Where someone grows up has a lot to do with where that person ends up, according to newly released research that followed young people from birth to their mid- to late 30s.
Consider two children living in poverty as little as a mile apart.
One of them is growing up in a low-income neighborhood, the other in a better-off area.
Although they both start at the same level of poverty, the child who comes of age in the less-poor community will make more money in life than the child who spends her life in the low-income area.
And, there's this: A child from a poor area who moves to a better-off area early in life will increase his lifetime earnings by around $200,000, and will be less likely to be incarcerated or become a teen parent.
What's at work here?
Data released this week by the U.S. Census Bureau and Opportunity Insights, a research and policy institute at Harvard University, look at how your neighborhood determines whether you can climb the ladder of social mobility to achieve the American dream.
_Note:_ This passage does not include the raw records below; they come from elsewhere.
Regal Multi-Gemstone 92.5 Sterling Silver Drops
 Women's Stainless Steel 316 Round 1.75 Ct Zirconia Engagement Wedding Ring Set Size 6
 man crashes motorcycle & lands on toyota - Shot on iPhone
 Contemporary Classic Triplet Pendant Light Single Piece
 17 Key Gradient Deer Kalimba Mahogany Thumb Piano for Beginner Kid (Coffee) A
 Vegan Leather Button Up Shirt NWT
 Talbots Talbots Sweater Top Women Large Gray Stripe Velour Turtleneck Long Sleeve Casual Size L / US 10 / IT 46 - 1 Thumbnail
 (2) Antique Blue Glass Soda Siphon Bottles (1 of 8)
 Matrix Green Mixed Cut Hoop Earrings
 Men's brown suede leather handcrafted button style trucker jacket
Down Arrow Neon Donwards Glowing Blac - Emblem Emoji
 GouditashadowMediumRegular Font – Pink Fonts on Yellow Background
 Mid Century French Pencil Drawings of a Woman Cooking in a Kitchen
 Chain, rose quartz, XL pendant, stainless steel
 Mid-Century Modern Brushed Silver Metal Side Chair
Called the Opportunity Atlas, the research includes a mapping interface that allows users to click on 70,000 U.S. census tracts and understand which ones offer children the best chances of succeeding in life.
It appears that social mobility varies widely by neighborhoods even when families start out with similar incomes.
It's a big change from the long-held notion of the American dream.
People born in the 1940s or '50s were virtually guaranteed to earn more than their parents did, as the dream dictates, according to Raj Chetty, the Harvard economist who worked with a team of researchers on the tool.
He told NPR: "You see that for kids turning 30 today, only 50 percent of them go on to earn more than their parents did. It's a coin flip as to whether you are now going to achieve the American dream."
The research followed 20 million people from their births between 1978 and 1983 to their mid- to late 30s, an age at which they're established and making money.
Policymakers can use the atlas to better target programs that aim to improve economic opportunities for disadvantaged children. An example: City officials might best figure out where to place preschool programs to give kids a leg up in life.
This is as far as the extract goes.